BEIJING (Reuters) - China's news censors will create a new "black list" to force out reporters found breaking rules, an official news agency said on Friday, adding to the wary government's tools for media control.

Li Dongdong, a deputy chief of the General Administration of Press and Publication, told officials that proposed strengthened regulations for Chinese journalists would include a "full database of people who engage in unhealthy professional conduct", the China News Service reported.

"People entered into the transgressor list will be excluded from engaging in news reporting and editing work," the report said, citing Li.

She said stricter controls being drafted by the agency were needed to "resolutely halt fake news".

But a critic said the ruling Communist Party's real target was probably combative reporters and editors who buck its propaganda controls.

"A database for this kind of thing would be a new thing," said Li Datong, a former editor at the official China Youth Daily who was shunted out of his job for criticising censorship.

"This fighting fake news is a cloak. You can call all sorts of news fake," he said. "There really is a problem with fake reporting and reporters, but there are already plenty of ways to deal with that."

Chinese media are state-controlled. But many of the nation's thousands of newspapers and magazines are seeking to survive in a brutally competitive market, and some seek to attract readers with exposes of corruption and official misdeeds.

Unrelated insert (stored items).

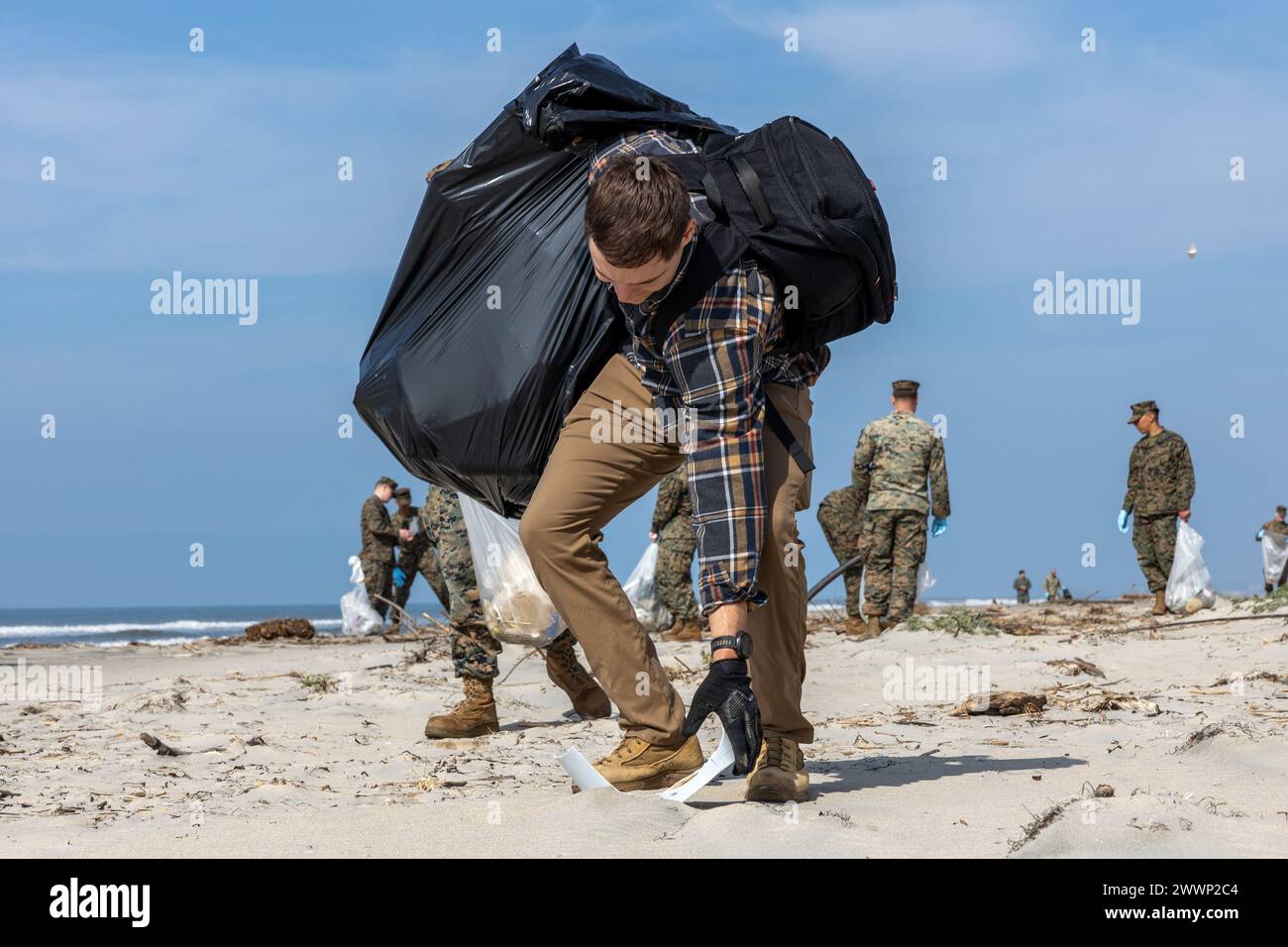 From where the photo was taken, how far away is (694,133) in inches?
134

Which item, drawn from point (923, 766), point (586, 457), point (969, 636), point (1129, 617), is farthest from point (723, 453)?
point (1129, 617)

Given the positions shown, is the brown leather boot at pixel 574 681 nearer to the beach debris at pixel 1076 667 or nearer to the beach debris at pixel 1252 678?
the beach debris at pixel 1076 667

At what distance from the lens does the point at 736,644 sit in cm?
283

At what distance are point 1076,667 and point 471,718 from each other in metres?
3.05

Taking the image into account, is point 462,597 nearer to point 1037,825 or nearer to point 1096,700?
point 1096,700

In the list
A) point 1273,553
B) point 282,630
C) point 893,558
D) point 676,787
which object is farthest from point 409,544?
point 1273,553

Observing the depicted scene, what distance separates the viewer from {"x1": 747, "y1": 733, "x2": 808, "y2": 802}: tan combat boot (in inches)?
125

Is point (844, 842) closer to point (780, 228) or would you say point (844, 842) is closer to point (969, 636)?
point (780, 228)

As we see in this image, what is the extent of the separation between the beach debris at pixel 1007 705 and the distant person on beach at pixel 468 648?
1.52 meters

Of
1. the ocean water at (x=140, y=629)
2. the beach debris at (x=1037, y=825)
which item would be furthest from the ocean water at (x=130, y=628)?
the beach debris at (x=1037, y=825)

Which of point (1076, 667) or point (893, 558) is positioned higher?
point (893, 558)

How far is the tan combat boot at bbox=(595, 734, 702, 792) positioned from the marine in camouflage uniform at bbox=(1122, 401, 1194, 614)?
9457 mm

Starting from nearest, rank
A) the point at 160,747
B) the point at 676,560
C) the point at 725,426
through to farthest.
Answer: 1. the point at 725,426
2. the point at 160,747
3. the point at 676,560

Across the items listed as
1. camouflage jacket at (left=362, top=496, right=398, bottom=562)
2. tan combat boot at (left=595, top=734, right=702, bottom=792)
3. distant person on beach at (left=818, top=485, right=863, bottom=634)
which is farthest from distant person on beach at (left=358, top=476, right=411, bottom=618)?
tan combat boot at (left=595, top=734, right=702, bottom=792) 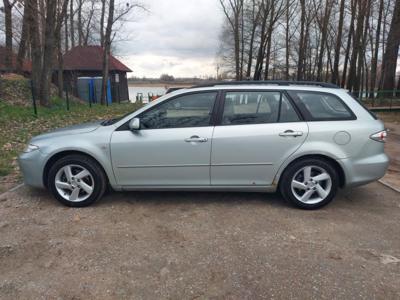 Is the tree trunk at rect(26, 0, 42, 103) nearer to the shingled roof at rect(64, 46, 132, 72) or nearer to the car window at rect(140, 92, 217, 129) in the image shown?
the car window at rect(140, 92, 217, 129)

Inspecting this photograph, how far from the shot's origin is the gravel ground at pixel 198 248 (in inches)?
106

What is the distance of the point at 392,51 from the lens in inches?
910

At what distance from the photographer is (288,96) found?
422 cm

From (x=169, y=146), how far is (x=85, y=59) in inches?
1230

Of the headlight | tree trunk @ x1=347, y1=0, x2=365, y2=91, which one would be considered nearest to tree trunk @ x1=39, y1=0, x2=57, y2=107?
the headlight

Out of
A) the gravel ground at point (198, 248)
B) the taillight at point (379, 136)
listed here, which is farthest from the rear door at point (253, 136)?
the taillight at point (379, 136)

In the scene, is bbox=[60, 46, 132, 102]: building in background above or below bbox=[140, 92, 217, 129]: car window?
above

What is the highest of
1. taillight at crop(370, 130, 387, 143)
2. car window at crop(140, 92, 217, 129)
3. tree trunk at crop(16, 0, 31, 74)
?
tree trunk at crop(16, 0, 31, 74)

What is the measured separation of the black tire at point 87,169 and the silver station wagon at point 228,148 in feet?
0.04

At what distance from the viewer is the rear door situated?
13.4 ft

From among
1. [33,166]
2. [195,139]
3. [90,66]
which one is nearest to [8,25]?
[90,66]

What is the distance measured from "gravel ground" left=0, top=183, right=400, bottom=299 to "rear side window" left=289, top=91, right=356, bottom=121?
3.73 ft

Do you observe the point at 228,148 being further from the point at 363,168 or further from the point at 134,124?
the point at 363,168

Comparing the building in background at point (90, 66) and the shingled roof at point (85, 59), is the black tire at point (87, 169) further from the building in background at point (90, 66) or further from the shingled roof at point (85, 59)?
the shingled roof at point (85, 59) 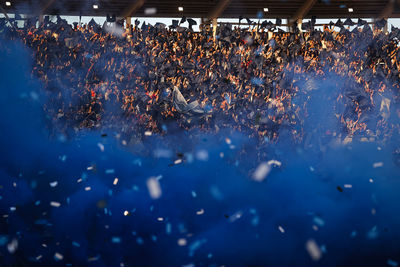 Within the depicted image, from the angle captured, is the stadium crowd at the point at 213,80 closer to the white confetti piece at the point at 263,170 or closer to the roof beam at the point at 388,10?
the white confetti piece at the point at 263,170

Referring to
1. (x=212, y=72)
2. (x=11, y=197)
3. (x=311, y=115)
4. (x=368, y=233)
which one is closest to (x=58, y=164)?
(x=11, y=197)

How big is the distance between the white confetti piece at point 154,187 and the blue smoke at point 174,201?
4cm

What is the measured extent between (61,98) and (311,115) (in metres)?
2.36

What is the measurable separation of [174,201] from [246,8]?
360cm

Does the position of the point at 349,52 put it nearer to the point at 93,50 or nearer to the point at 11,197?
the point at 93,50

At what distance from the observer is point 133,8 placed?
5.49 m

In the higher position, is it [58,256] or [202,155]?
[202,155]

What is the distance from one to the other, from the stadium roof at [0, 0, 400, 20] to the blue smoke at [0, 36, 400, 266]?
2.45 meters

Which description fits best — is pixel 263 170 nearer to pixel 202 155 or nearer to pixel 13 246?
pixel 202 155

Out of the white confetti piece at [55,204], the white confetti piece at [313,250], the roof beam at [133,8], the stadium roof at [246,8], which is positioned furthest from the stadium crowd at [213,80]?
the roof beam at [133,8]

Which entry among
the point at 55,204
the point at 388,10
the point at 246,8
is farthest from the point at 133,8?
the point at 388,10

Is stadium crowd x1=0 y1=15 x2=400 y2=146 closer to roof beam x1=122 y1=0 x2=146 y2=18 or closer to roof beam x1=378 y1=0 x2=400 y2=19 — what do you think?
roof beam x1=122 y1=0 x2=146 y2=18

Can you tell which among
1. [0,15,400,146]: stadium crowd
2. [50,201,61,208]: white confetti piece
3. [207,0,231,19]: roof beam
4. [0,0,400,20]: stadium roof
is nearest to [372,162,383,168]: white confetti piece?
[0,15,400,146]: stadium crowd

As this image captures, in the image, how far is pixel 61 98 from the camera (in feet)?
10.9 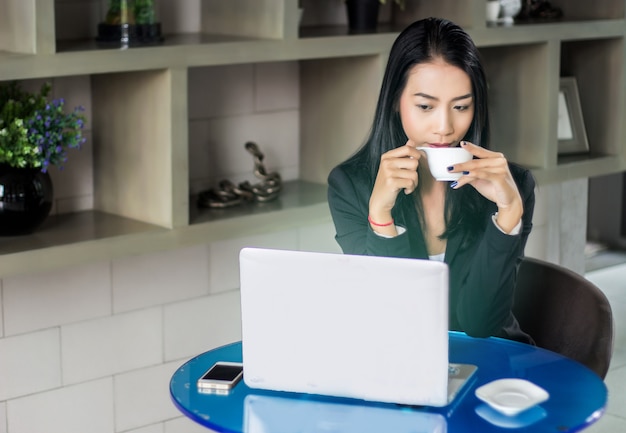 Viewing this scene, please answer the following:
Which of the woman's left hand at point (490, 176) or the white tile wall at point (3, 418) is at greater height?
the woman's left hand at point (490, 176)

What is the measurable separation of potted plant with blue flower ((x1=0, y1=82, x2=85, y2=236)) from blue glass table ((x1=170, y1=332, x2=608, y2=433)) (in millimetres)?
726

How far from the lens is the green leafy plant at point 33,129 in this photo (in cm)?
236

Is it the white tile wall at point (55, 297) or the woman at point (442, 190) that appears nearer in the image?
the woman at point (442, 190)

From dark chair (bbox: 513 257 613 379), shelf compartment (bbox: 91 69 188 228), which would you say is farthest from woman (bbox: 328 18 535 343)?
shelf compartment (bbox: 91 69 188 228)

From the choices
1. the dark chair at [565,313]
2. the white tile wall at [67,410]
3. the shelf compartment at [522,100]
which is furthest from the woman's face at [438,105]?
the white tile wall at [67,410]

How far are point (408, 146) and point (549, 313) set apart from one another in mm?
577

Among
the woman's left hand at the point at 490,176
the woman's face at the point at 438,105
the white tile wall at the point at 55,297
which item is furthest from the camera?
the white tile wall at the point at 55,297

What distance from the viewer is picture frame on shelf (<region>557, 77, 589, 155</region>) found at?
3.58 m

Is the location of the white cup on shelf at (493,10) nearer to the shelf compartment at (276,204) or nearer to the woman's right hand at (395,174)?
the shelf compartment at (276,204)

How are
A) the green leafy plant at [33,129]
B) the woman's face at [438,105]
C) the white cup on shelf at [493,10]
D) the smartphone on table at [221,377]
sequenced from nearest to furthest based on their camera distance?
1. the smartphone on table at [221,377]
2. the woman's face at [438,105]
3. the green leafy plant at [33,129]
4. the white cup on shelf at [493,10]

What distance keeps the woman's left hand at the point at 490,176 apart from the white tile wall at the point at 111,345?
116 cm

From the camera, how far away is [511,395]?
1.75 m

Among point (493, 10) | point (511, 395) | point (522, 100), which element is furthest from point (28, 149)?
point (522, 100)

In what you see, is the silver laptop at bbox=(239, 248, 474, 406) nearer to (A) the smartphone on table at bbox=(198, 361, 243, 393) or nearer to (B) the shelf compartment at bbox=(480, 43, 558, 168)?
(A) the smartphone on table at bbox=(198, 361, 243, 393) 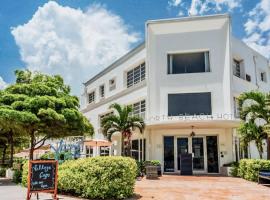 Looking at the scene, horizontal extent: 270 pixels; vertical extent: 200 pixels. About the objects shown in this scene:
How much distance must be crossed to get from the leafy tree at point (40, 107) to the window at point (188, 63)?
8.23 m

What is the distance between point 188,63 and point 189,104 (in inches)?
131

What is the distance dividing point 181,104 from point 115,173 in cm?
1224

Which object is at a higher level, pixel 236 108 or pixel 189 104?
pixel 189 104

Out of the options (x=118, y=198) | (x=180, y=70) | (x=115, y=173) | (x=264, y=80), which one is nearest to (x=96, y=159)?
(x=115, y=173)

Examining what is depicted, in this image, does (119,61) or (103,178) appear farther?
(119,61)

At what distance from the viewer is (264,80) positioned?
92.9 ft

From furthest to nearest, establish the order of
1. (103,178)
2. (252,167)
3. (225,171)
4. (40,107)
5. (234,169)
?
(225,171)
(234,169)
(252,167)
(40,107)
(103,178)

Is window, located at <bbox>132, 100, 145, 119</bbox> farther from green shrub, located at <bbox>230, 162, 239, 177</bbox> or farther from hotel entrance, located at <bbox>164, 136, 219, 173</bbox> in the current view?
green shrub, located at <bbox>230, 162, 239, 177</bbox>

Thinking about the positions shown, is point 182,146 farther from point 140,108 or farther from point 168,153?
point 140,108

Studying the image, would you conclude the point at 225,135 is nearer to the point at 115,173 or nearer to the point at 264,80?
the point at 264,80

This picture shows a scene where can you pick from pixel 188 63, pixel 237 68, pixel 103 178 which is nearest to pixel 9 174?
pixel 103 178

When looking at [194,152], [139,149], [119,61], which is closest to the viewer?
[194,152]

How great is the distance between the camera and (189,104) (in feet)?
71.8

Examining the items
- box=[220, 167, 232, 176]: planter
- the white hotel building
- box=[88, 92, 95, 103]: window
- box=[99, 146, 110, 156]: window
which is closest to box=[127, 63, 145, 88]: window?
the white hotel building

There have also been many reports of journalists, real and bogus, seeking bribes from companies not to report bad news, such as coal mine disasters.

China already has plenty of rules and officials controlling the flow of news and the Communist Party's Propaganda Department minutely manages what newspapers and other media do and do not report.

But officials believe these controls are not enough. The government is worried about unrest amid the economic slowdown and a series of politically sensitive anniversaries, especially the 20th year since troops crushed pro-democracy protests in 1989.

"This year, the General Administration of Press and Publication will introduce a series of rules and regulations to strengthen oversight and administration of news professionals and reporting activities," the report said, citing an announcement from an official meeting.

The agency will tighten up approvals for Chinese reporters' credentials, it said. Such rules would not apply to foreign reporters in China, who are regulated by the Ministry of Foreign Affairs.